The node js call stack is a typical LIFO queue (Last In First Out). It is responsible for tracking all operations in our program.

Screenshot 2022-06-05 at 22.22.14.png Image Credits: Andrew Mead’s course

Imagine that we have three different log operations in our application and we see the result like the image above. Firstly, the first operation goes into the stack and waits to be executed. Thankfully log is a really simple operation and it's executed so quickly that we can see the result in our console and the operation leaves the stack.
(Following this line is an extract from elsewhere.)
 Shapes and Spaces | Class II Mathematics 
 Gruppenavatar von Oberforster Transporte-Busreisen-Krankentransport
The process continues to work like that for the second and third operations.

Node API and Callback Queue

In the previous example, we saw how the call stack works for synchronous operations. What if we have an operation that needs to fetch some data from the database? Again will the call stack wait until the operation is finished? The answer is no because we have the Node API and Callback Queue.

Screenshot 2022-10-11 at 08.43.52.png

We have added two new operations that are not synchronous. As you can see from the image, they are the last two items in the console although they are first and second in the code.
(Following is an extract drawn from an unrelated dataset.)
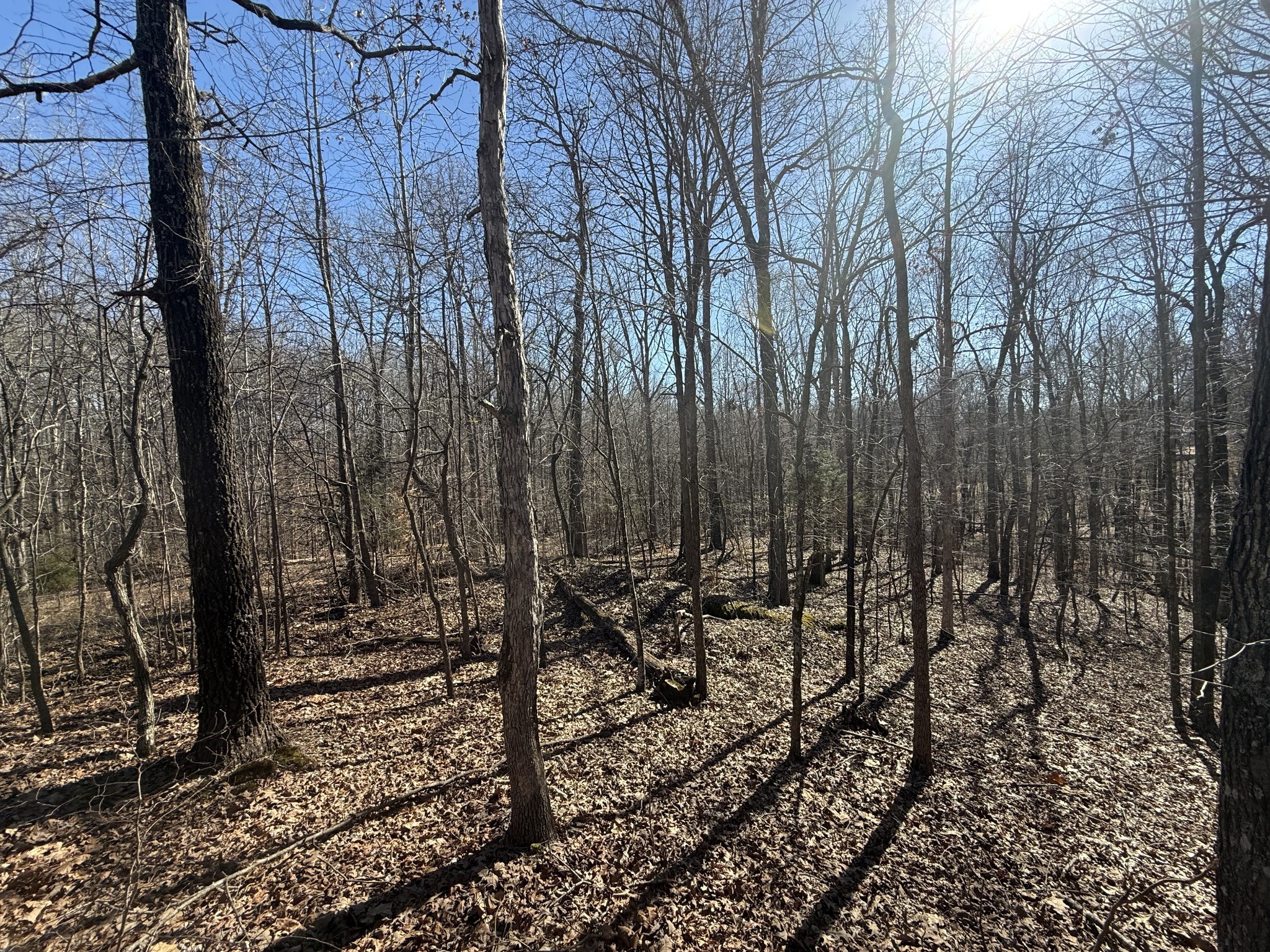 26 Backwoods Estates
Again our application starts and the first operation goes into the stack but it is setTimeOut function that is not part of the JavaScript Programming Language. So the operation is sent to the Node API and waits three seconds. This operation mimics waiting for a database request to complete. The second operation is again setTimeOut so it goes to Node API and waits two seconds. The remaining operations go into the stack line by line and they go out from the stack after they are executed.

After Node API finishes the process, it always checks whether the stack is free or not. Those results wait for the stack to be empty in the Callback Queue. In this example, the second setTimeOut operation is the first item in the queue because it waits two seconds, not three.


In this article, we showed how Node.js handles asynchronous operations although it runs on a single thread. Now you should understand why the two-second time delay function does not block the rest of the program from executing. I hope you enjoyed reading this article and learned something new.